Since coming to Nerrima as Managers it is great to have the flexibility of running your own show, but the other side to that, you can no longer rely on someone else to fix things as on previous places we worked. We have no designated handyman, gardener, or mechanic so everyone has a diverse role here and are expected to turn their hand to most things. I soon realised that applied to me as well . . . I couldn’t go asking Mick every time something broke down as he was busy, at times, you would be here by yourself and suddenly the water stops running to the house, cold room almost dies again or the generator goes off. On many occasions I have given my diagnosis of something not working to Mick and he quickly replied, “Just look at it Sally and work it out” . . . not the answer I wanted, but so second time round, looked a bit closer and much to my surprise on a couple occasions, I did work it out! Quite satisfying!

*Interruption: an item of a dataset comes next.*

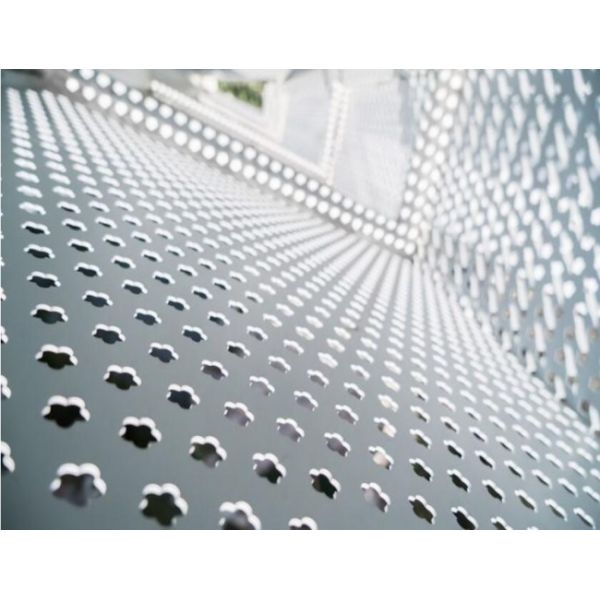 1.5mm-5.0mm Perforated Aluminium Facade Perforated Metal Sunshade Extra Flexibility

I clearly remember, I had been on a lovely holiday back down south, got back to Nerrima in the middle of the day after four hour drive from Broome, (in October so up around 40 mark) and I had only been home quarter of an hour, and silence . . . the generator went off. Both the govie and myself spent the next three hours trying to get it going again, no-one was here . . . I was cursing dusty dry powerless Nerrima – just when you need a little air con comfort! I wanted to get in my car and leave again but thankfully got the generator going again and I soon discovered the beer fridge had remained cold and a couple rums went down very nicely! Things were looking up again! It’s the simply things you have such an appreciation for . . . i.e. power and alcohol!

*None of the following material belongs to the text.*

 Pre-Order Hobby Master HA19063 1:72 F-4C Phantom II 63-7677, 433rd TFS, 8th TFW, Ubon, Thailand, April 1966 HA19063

Living on a station as a mum with three little ones is completely different to the days of being a care-free stationhand. Getting out of the house for more than three hours seemed like an achievement let alone getting on a horse. It is becoming easier now that the kids are getting older, my role here has incorporated doing things from home, i.e. office work/ordering anything required, food/parts, recruitment, but also fighting fires, cooking for staff, offering first aid to injured staff and trying to be of some help when vehicles, trucks, graders are bogged (knowing not to ask any questions on arrival!) It’s the simply things going mustering and or walking cattle away and seeing a mob of cows mother up with their calves is what is really rewarding . . .
Summing up, I love the fact that our three children can experience the freedom of the bush, it’s an environment that encourages them to be adventurous and curious, to learn about their surroundings and things such as life cycle of animals, how to look after them, the seasons, and just understanding where our water and food comes from! Combined with having their mates in town, breaks up the isolation of living with just adults. Having said that, we have been fortunate that living in this close environment, regardless of their age, our staff have been so good with our kids over the years and a positive influence (except you Baydo Adams!).